[THE TASK]: Copy the data exactly from the line that contains "The Conceit of Innocence" through the line that contains "CABLE USB A", keeping both end lines and leaving out everything else.

[RECORDS FOR THIS TASK]:
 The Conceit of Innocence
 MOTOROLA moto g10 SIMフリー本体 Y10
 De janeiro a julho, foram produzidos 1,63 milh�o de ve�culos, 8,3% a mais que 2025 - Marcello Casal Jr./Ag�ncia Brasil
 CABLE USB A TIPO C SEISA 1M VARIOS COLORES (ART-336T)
==
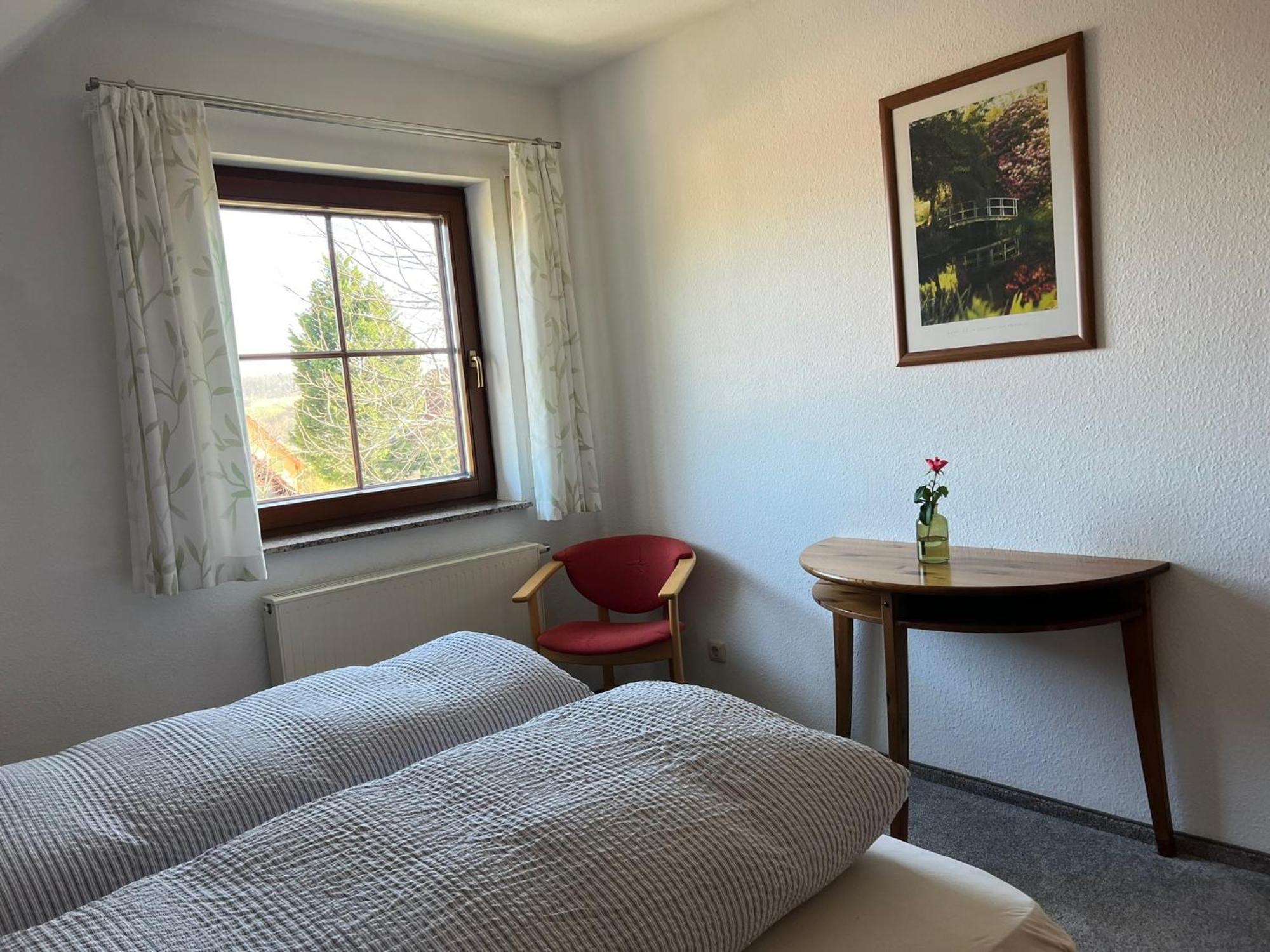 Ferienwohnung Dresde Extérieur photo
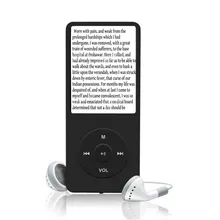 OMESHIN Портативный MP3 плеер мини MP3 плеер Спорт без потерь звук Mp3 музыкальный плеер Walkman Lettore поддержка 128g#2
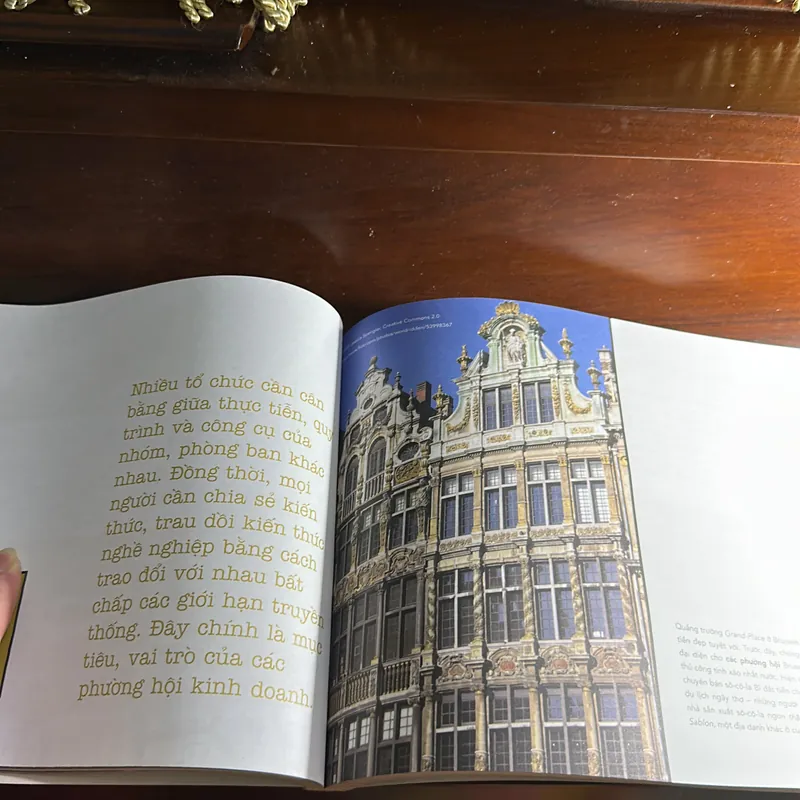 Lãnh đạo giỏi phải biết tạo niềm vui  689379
--
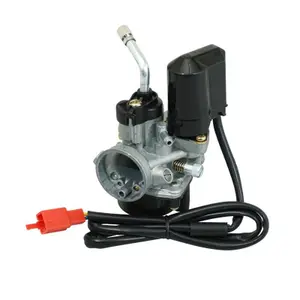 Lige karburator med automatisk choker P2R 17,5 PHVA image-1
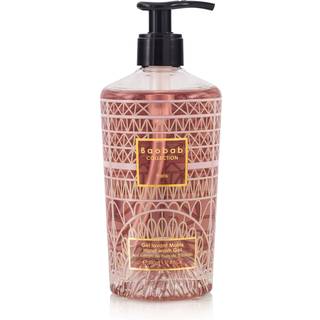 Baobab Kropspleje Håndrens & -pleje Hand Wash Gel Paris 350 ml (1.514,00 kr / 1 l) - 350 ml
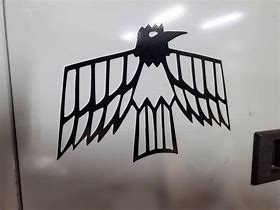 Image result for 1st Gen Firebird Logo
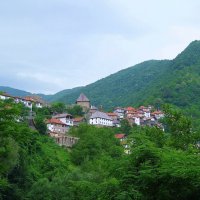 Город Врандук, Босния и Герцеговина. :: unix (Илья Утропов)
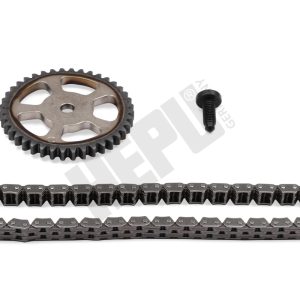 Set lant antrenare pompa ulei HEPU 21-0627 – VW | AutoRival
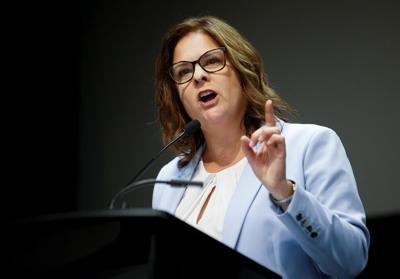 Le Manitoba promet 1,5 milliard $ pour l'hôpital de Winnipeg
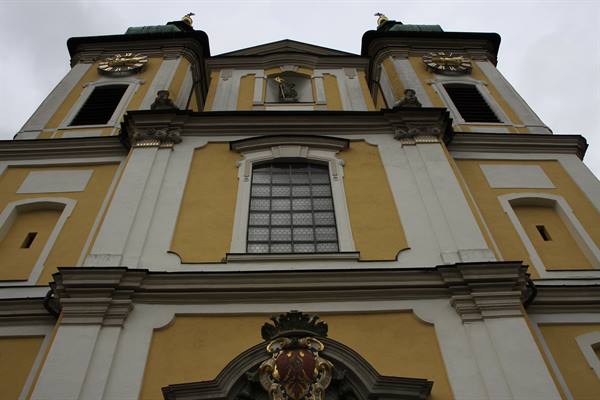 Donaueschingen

[ANSWER TO THIS PROBLEM]:
 The Conceit of Innocence
 MOTOROLA moto g10 SIMフリー本体 Y10
 De janeiro a julho, foram produzidos 1,63 milh�o de ve�culos, 8,3% a mais que 2025 - Marcello Casal Jr./Ag�ncia Brasil
 CABLE USB A TIPO C SEISA 1M VARIOS COLORES (ART-336T)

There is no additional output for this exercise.